Grading students in a group with a uniform written test suggests that we can objectively measure knowledge, particularly if we use automatically scorable items such as in multiple-choice tests. As long as we all agree this works, I have no problems with this suggestion. But as soon as we start grading individual students for individuals tasks, with individual raters, grading becomes ritualized, and fraught with difficulties that psychometricians can hardly cope with(3). They will ask for large numbers of ratees, raters covering different ratees, standardization of tasks and contexts and they will apply generalizability theory to estimate reliabilities. This is fine as long as we can organize such requirements, but usually we can’t. We often give grades based on few students, few raters, few observed tasks and few or only one context. The ritual of workplace-based assessment has recently been called a “socially situated interpretive act” (4) and I would add that the grading as a result of this interpretation of skill often resembles the exchange of currency. In practice, a grade is also a ‘present’ to reward behavior, reflecting interpersonal valuations that extend beyond any form of objective assessment of the construct of cognitive or other ability.

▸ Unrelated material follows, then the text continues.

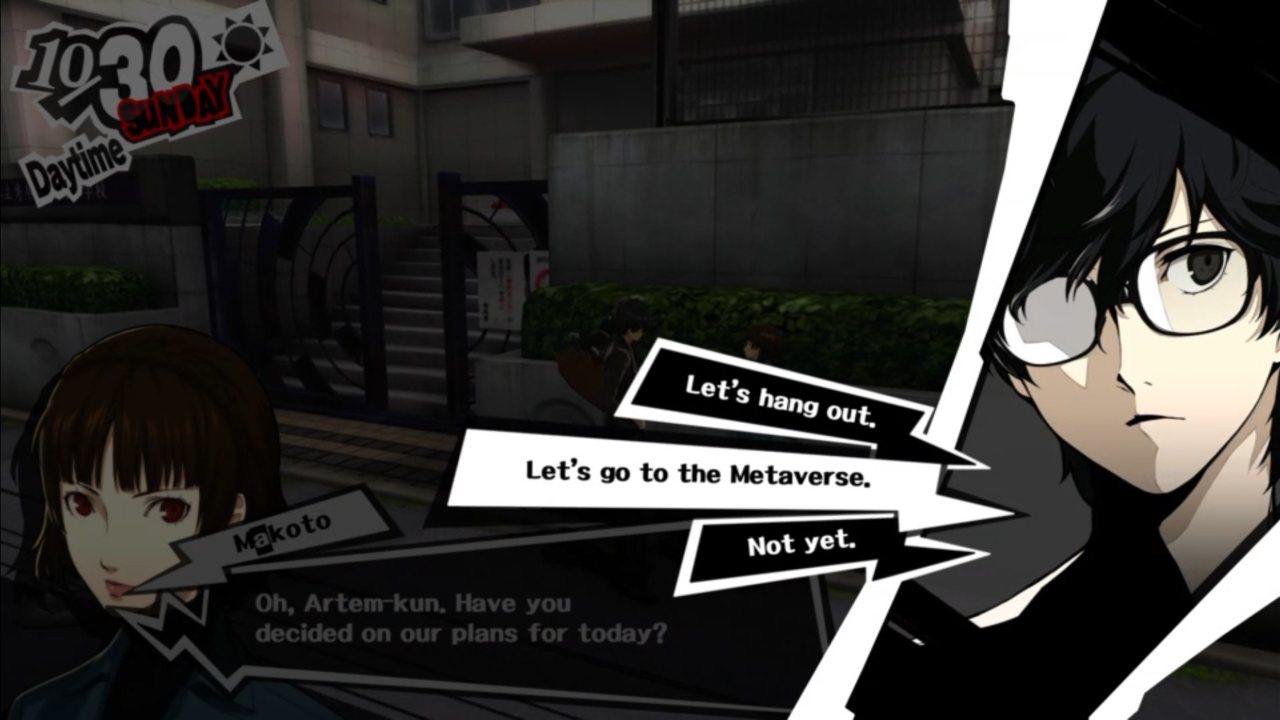 An in-game dialogue interface showing 'Let’s go to the Metaverse' as one of the options.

In the clinical workplace, or in the research arena, we should maybe just value that students can work unsupervised. There are many conditions that must be met before learners should be trusted to do this, including specific knowledge and skill, sense of responsibility, a sense of when to ask for help when needed and willingness to do this, the social skill to smoothly collaborate with others and more things, depending on the task. Giving a single grade for workplace performance may not be very useful and some authors recommend abandoning grades (5,6). Others recommend replacing grades by the amount of supervision required for an individual.(7) That makes more sense than a grade.

References 1. Anonymous. Academic grading the the Netherlands [Internet]. [accessed 6 March 2015]. Available from: http://en.wikipedia.org/wiki/Academic_grading_in_the_Netherlands 2. Ten Cate O. Medical education in the Netherlands. Med Teach. 2007;29(8):752–7. 3. Albanese M. Challenges in using rater judgements in medical education. J Eval Clin Pract. 2000 Aug;6(3):305–19. 4. Govaerts M, van der Vleuten CP. Validity in work-based assessment: expanding our horizons. Med Educ. 2013 Dec;47(12):1164–74. 5. Hanson JL, Rosenberg AA, Lane JL. Narrative descriptions should replace grades and numerical ratings for clinical performance in medical education in the United States. Front Psychol. 2013 Jan;4(November):668. 6. Dannefer EF. Beyond assessment of learning toward assessment for learning: Educating tomorrow’s physicians. Med Teach. 2013 May 3;35:560–3. 7. Weller JM, Misur M, Nicolson S, Morris J, Ure S, Crossley J, et al. Can I leave the theatre? A key to more reliable workplace-based assessment. Br J Anaesth. 2014 Mar 17;1–9.